**Your instructions:** From the line that includes "One arm Elbow" to the last line of the data, quote each line precisely; both boundary lines belong in the answer.

== Segment start ==

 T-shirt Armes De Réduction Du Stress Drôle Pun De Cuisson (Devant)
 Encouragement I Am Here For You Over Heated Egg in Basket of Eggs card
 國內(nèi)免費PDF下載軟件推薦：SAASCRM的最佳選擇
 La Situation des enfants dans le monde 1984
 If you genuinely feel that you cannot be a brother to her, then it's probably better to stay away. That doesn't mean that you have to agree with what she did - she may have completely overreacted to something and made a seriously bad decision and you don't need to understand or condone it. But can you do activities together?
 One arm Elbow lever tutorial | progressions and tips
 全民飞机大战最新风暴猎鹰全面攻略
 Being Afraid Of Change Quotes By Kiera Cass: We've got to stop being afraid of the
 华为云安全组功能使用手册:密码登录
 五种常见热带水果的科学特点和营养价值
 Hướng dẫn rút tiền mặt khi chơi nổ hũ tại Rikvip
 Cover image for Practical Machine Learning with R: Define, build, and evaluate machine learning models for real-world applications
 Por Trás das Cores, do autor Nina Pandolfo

== Segment end ==

**Answer:**
 One arm Elbow lever tutorial | progressions and tips
 全民飞机大战最新风暴猎鹰全面攻略
 Being Afraid Of Change Quotes By Kiera Cass: We've got to stop being afraid of the
 华为云安全组功能使用手册:密码登录
 五种常见热带水果的科学特点和营养价值
 Hướng dẫn rút tiền mặt khi chơi nổ hũ tại Rikvip
 Cover image for Practical Machine Learning with R: Define, build, and evaluate machine learning models for real-world applications
 Por Trás das Cores, do autor Nina Pandolfo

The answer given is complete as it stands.